Last winter, Taliban forces stormed a home in Kabul, Afghanistan, and discovered an ISIS terror cell with plans to bomb the city’s presidential palace occupied by Taliban militants.
“Often the Taliban would just start searching houses. So they’d smash into people’s houses, or they just go door by door,” filmmaker Jamie Roberts, who was living near the cell at the time, told The Post.
“I think what they were looking for was weapons or spies.”
Since the departure of American troops from Afghanistan in August 2021, chaos, fear and rampant violence has ruled the country, said Roberts, the director of “Escape From Kabul,” a new documentary chronicling the harrowing exodus premiering Wednesday on HBO Max.

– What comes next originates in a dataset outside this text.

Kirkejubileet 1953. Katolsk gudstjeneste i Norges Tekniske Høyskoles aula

Armed raids are only the beginning of everyday terrors under Taliban rule now faced by Afghanistan citizens — including American allies unable to flee.

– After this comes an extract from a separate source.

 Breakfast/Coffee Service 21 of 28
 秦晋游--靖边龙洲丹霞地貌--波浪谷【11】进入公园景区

“You’ll see it on the street, [the Taliban] have complete control and they’re hardliners. So people follow their rules and if they don’t, then you get beaten, or you get put in prison, or you don’t really know, because the rules aren’t really set yet … there were people getting shot at checkpoints,” he added.
“There were [constant] minor bombings happening … You just hear gunfire at night.”

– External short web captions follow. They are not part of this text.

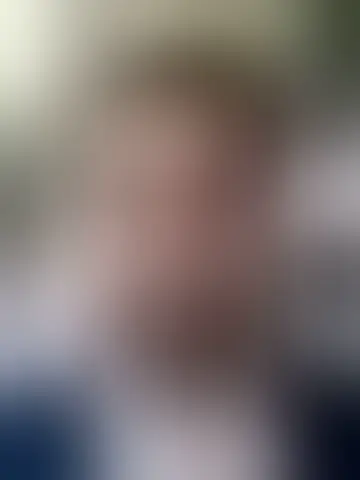 Chatter avec relaiah55409 et des hommes célibataires vers Colmar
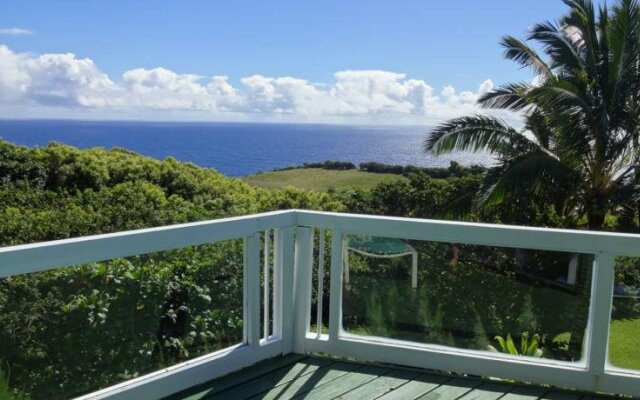 Huelo Point Lookout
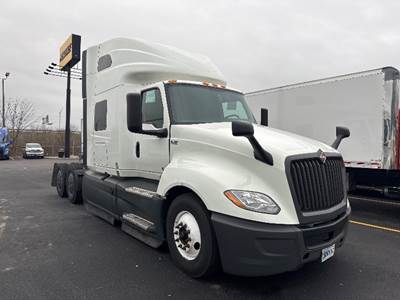 International LT625 Sleeper Semi Truck - 73" Integral Sleeper, Cummins 450HP, 12 Speed Automatic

Earlier this month, after the regime reportedly closed down several sixth-grade-and-up schools for girls, the United Nations said that Taliban were committing “intimidation and harassment targeting its Afghan female staff.”
“It’s not a regular functioning country with a judiciary, police force, government and journalists to hold those to account. You’ve just got one single entity with no oversight,” Roberts said.
“The journalists are being arrested. Obviously, women are very fearful for what’s going to come to them … you have this fake news taken to another level, everything’s just on social media. So you’d hear a bomb go off, unless it’s really bad, you’ve got no idea what’s going on.”
It’s far too often that the victims of these bombings and acts of violence — whether by the Taliban, ISIS or criminals — are innocents, the filmmaker said, noting the carnage he witnessed.
“There’s children there with landmine [wounds] and their hands blown off, people with head-wound shots coming in [to hospitals],” he said.
The abhorrent lawlessness is exacerbated by “economic desperation,” Roberts said, noting how especially dangerous the area around Kabul’s airport became.
“People would call it the ‘Ali Baba’ area, because there were lots of kidnappings and lots of crime,” he said. “Child beggars everywhere [across Kabul] with almost Dickensian dirty faces, begging. Really small, you’re talking like 5, 6, 7, 8 years old, you’d see them out at night. The level of poverty is huge.”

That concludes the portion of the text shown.